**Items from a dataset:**

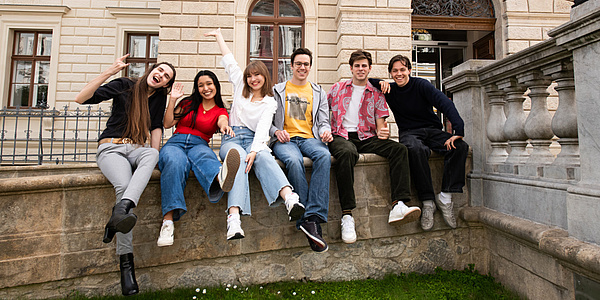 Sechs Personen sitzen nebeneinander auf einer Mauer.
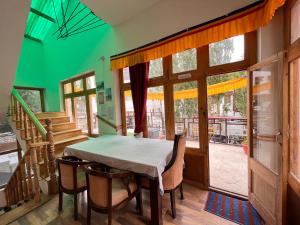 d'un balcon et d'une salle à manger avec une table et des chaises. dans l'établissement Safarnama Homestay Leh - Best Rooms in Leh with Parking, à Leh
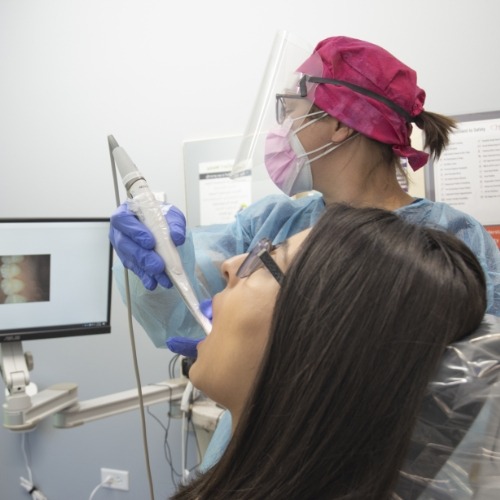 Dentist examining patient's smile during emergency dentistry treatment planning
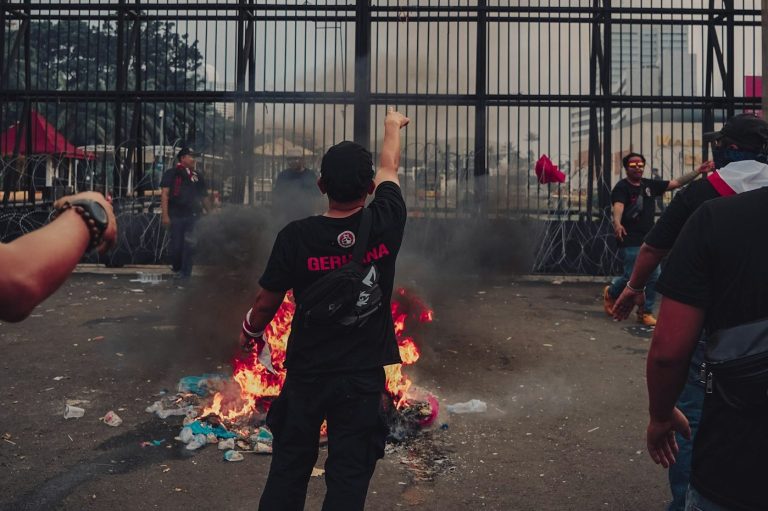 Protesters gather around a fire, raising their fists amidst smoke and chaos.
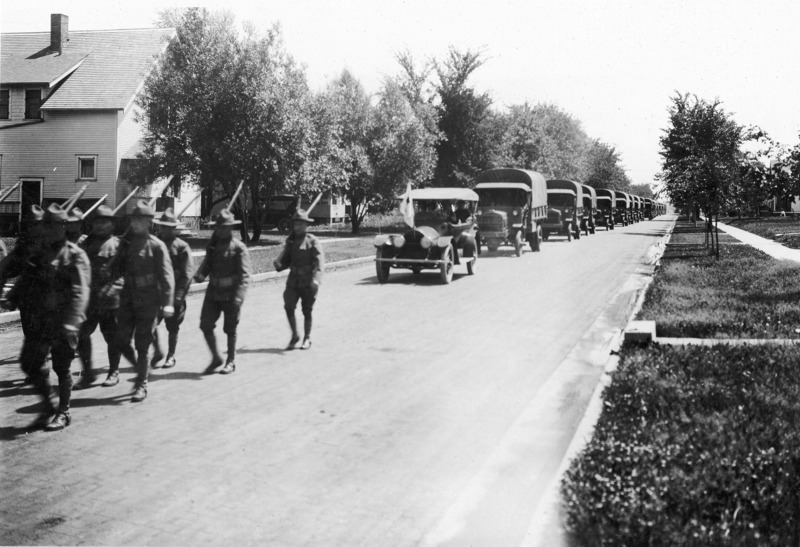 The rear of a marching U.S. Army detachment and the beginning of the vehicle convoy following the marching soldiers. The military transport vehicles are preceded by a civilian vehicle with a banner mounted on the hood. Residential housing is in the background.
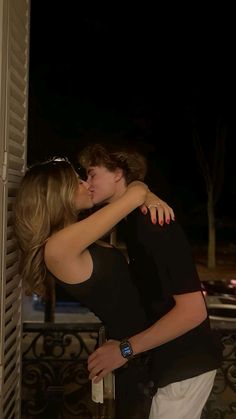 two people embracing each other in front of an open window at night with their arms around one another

**Task requirements:** Working from the entries above, please transcribe only the lines from the line with "d'un balcon et" through the line with "The rear of", exactly, with both end lines and without pictures.

**Response area:**
 d'un balcon et d'une salle à manger avec une table et des chaises. dans l'établissement Safarnama Homestay Leh - Best Rooms in Leh with Parking, à Leh
 Dentist examining patient's smile during emergency dentistry treatment planning
 Protesters gather around a fire, raising their fists amidst smoke and chaos.
 The rear of a marching U.S. Army detachment and the beginning of the vehicle convoy following the marching soldiers. The military transport vehicles are preceded by a civilian vehicle with a banner mounted on the hood. Residential housing is in the background.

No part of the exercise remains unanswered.